I'm not sure about this.

One thing, is this feels like an escalating gesture, i.e. communicate anger. The trouble with anger is that it's contagious. Quite often the recipient just gets angry back, and so it makes the situation worse. What we want, is to make the situation better

patchwork@2 had flags, and they came in 2 flavors. "abusive" or "spam". This was also escalating, "abuse" is a very strong word, and this meant that someone got flagged as abuse but really didn't feel like he was being abusive. where as he could have hardly denied being "annoying". Another time, @johnny was writing a bot, but it had a few bugs, and these extra posts where flagged as "spam", but that was hurtful, because "spam" is intentional, but it was just an accident. maybe flagging as "oops" would have been better.

I'd lean towards communicating sadness instead of anger.
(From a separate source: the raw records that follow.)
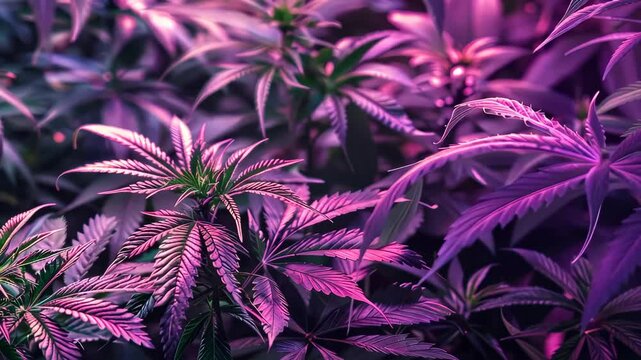 Vibrant cannabis leaves under pink and purple lighting, close-up view. Botanical and horticulture concept.
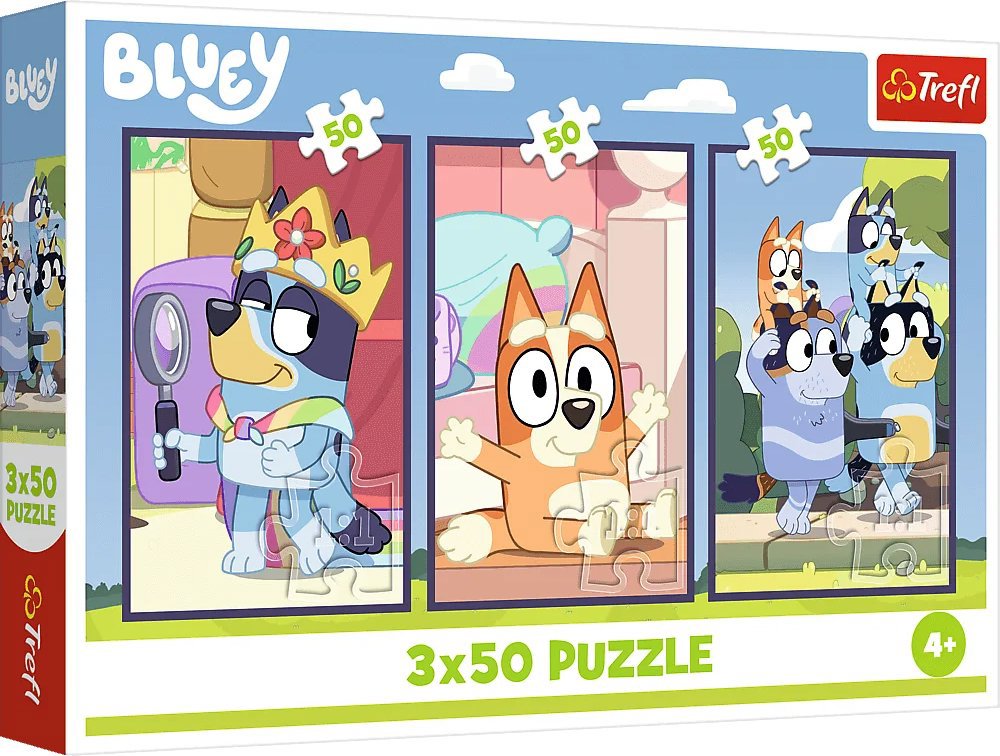 Trefl Puzzle 3 × 50 dielikov Bluey 3 v 1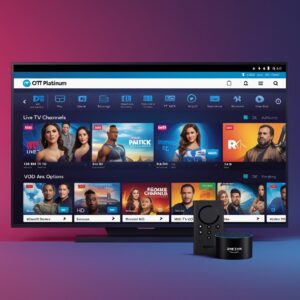 OTT Platinum APK interface showing live TV channels and VOD on Android device and Amazon Firestick, with HD streaming and easy navigation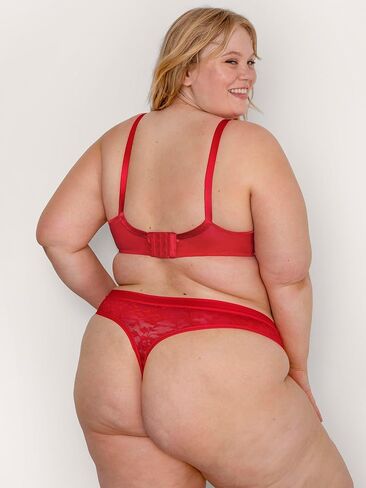Curvy Couture Women's Plus Size No Show Lace Bra – Unlined, Underwire, and Soft Comfort in Saudi Arabia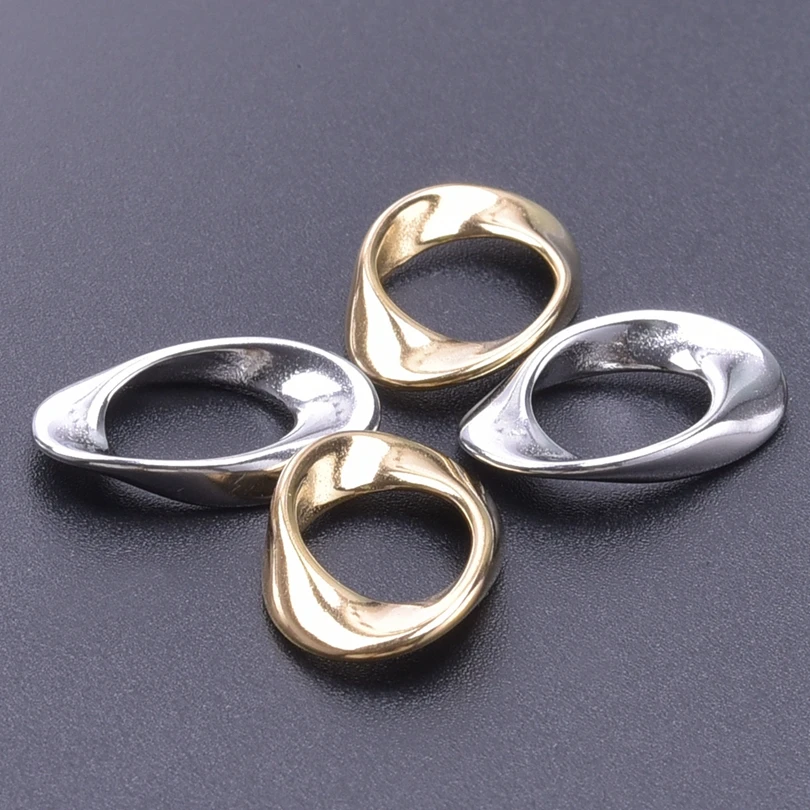 7pcs/Lot Stainless Steel Irregular Geometry Pendant Circular Hollow Out Gold Plated Charms Used To Making Necklace Accessories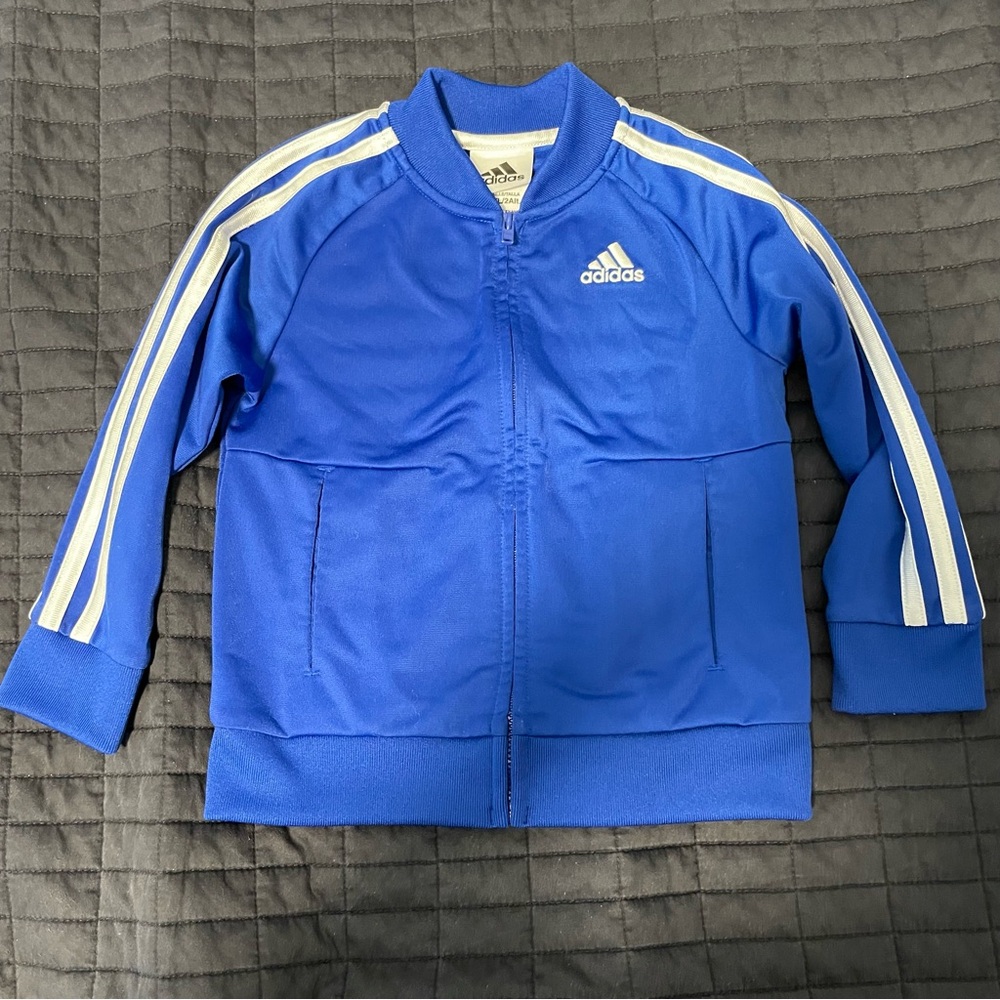 Blue adidas zip-up top. Size 2T for toddlers. Super cute. In VGUC.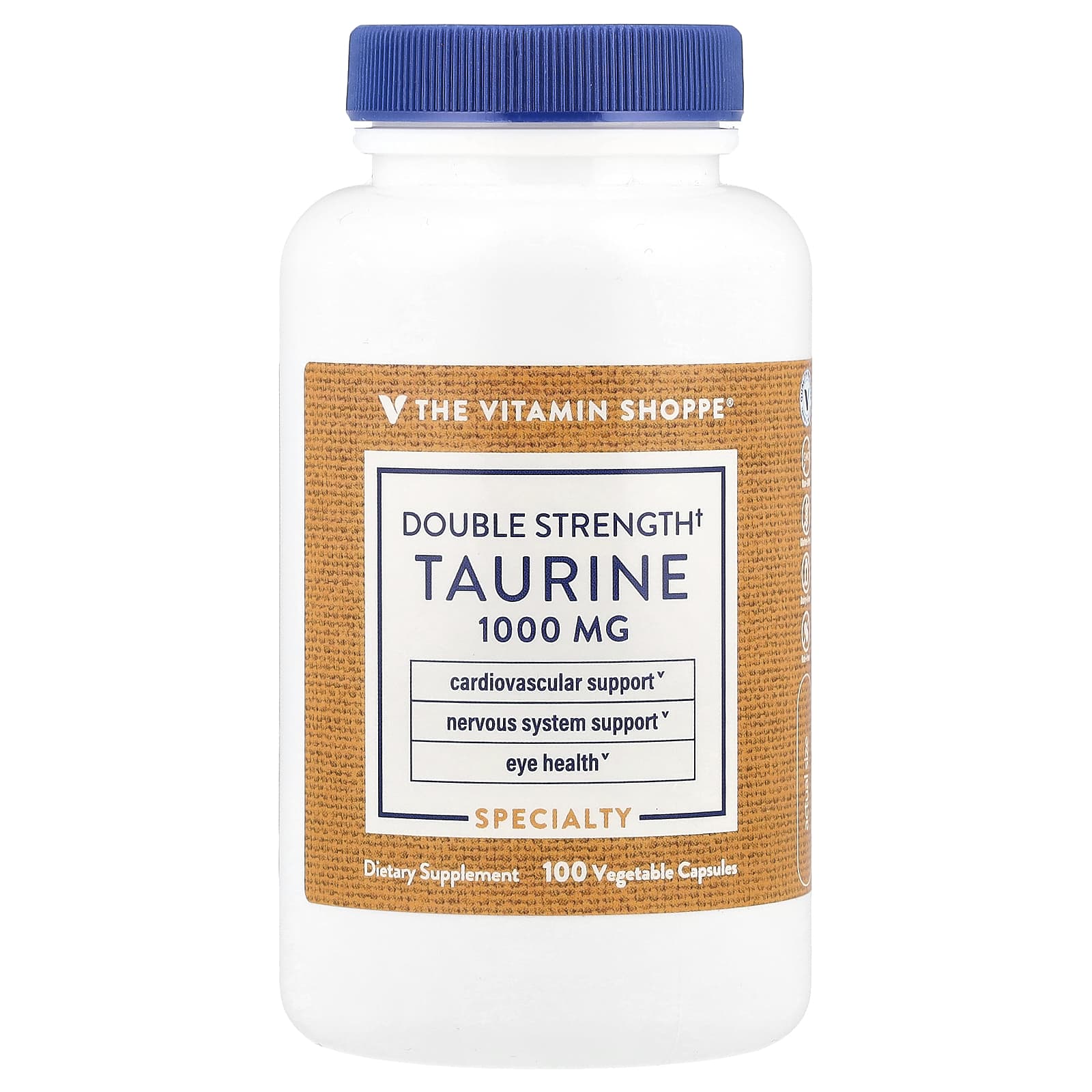 The Vitamin Shoppe, Double Strength Taurine, 1,000 mg, 100 Vegetable Capsules - Image 1
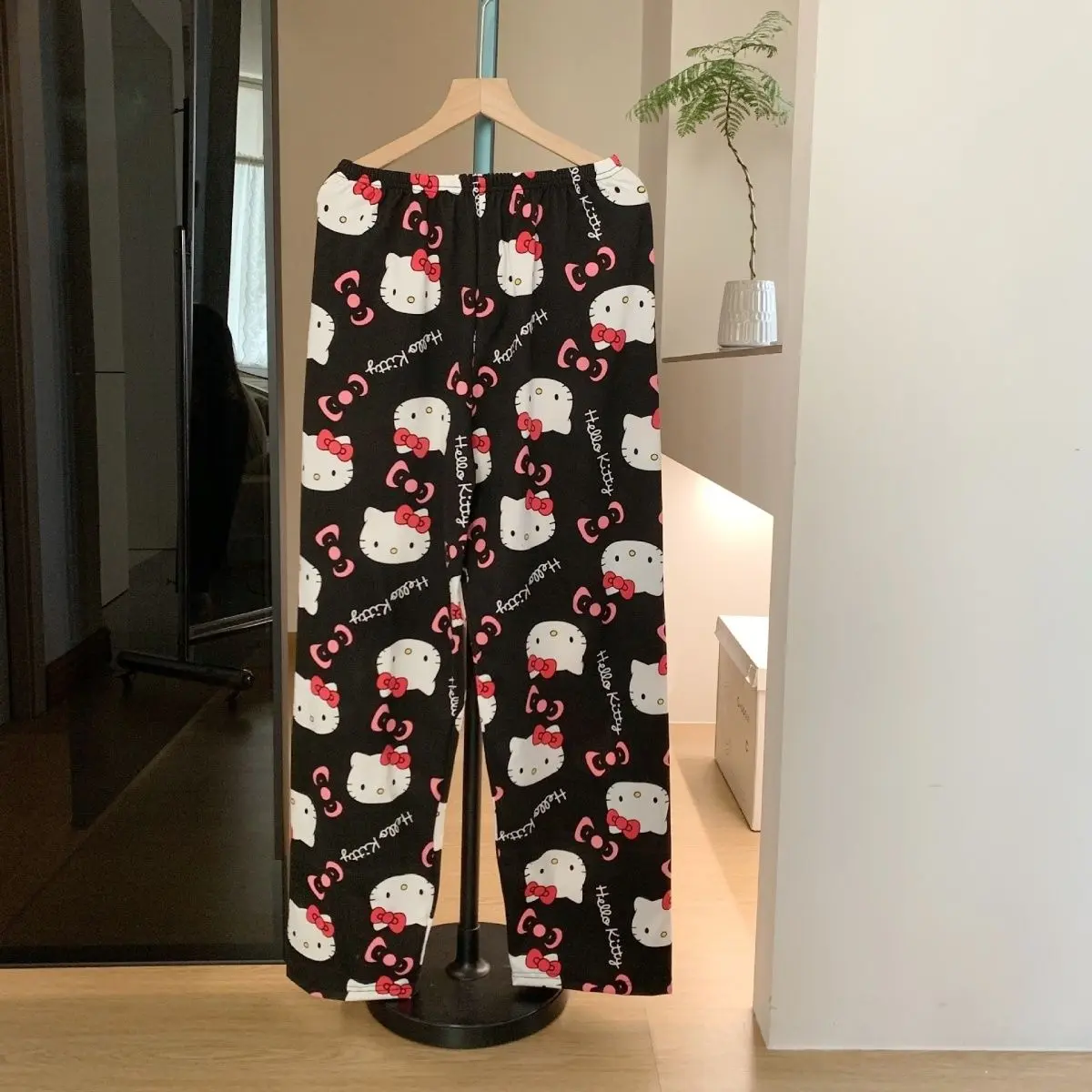 Sanrio Hello Kitty Y2k Kawaii anime pajama trousers Outer Women's Cartoon Casual Household Pants Autumn and Winter Fashion Pants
There is lots of ways a sad button could be used. If you loose your kitten - definitely sad. But sometimes you do something, and later it makes you sad. Maybe you said something unkind, or maybe what you tried to say didn't land right. You can still apologise for things you didn't intend to do. I think the world would be a better place if people said "sorry" a bit more often. So, you could click sorry on your own message if you regretted it.

hmm: is there a lot more nuance in the ways we express negative emotions than positive ones?